Montréal, le 18 février 2011 --- Dans un mémoire déposé à  la Cour d'appel la semaine dernière, une Montréalaise d'origine philippine, pourra redéfinir et élargir l'accès au Tribunal des droits de la personne pour les victimes de discrimination dont la plainte est partiellement rejetée par la Commission des droits de la personne.

LES FAITS

En 2006, Luc Gallardo, un élève de sept ans d'origine philippine, a été mis à  l'écart par une éducatrice de l'École Lalande de la Commission scolaire Marguerite Bourgeoys, pour sa pratique culturelle de manger avec une fourchette et une cuillère. Son éducatrice qui considérait qu'il mangeait comme un « clown », l'a puni en le séparant de ses amis et en le faisant manger seul. La mère de Luc, Maria Thérèsa Gallardo, tenta de parler à  l'éducatrice pour lui expliquer cette pratique culturelle. Elle se buta à  l'indifférence de celle-ci, et quelques jours plus tard, lorsque Luc avait oublié de se laver les mains avant de manger, la même éducatrice lui demanda si « dans [son] pays, les gens se lavaient les mains avant de manger ? » [traduction].
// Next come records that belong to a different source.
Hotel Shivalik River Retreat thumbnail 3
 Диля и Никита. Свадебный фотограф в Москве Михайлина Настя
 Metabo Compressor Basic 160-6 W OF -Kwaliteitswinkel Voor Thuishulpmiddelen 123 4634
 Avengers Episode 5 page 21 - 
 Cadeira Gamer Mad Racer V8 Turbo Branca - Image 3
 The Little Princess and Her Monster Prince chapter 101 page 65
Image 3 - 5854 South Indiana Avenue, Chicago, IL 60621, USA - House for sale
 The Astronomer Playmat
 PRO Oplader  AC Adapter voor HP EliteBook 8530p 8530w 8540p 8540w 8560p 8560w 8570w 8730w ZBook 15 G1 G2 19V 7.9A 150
L'éducatrice avait fait en sorte que Luc se sentait « honteux d'être Philippin ». Mme Gallardo a tenté à  d'autres reprises de discuter avec l'éducatrice, le directeur de l'école, et même les médias à  propos du problème. La famille s'est constamment butée à  l'indifférence et même aux traitements discriminatoires de l'école. Le directeur a affirmé dans un article publié dans un journal local son appui à  l'éducatrice et a ajouté des commentaires discriminatoires à  l'endroit de la famille. La famille de Luc a finalement mandaté le CRARR pour porter la plainte devant la Commission des droits de la personne et des droits de la jeunesse pour discrimination fondée sur la race et l'origine ethnique.

LA COMMISSION DES DROITS DE LA PERSONNE ET DES DROITS DE LA JEUNESSE

La Commission a été établie par la Charte québécoise des droits et libertés de la personne. Le mandat de la Commission est d'enquêter sans être tenue d'entendre les deux parties lorsqu'il semble y avoir un cas de discrimination. Si la Commission découvre une preuve de discrimination, elle peut référer le dossier au Tribunal des droits de la personne. Le Tribunal est une instance spécialisée de la Cour du Québec qui a été créée pour permettre un meilleur accès à  la justice pour les victimes de violations des droits de la personne. La Commission agit essentiellement comme un « filtre » qui s'assure que seules les plaintes valides sont référées au Tribunal.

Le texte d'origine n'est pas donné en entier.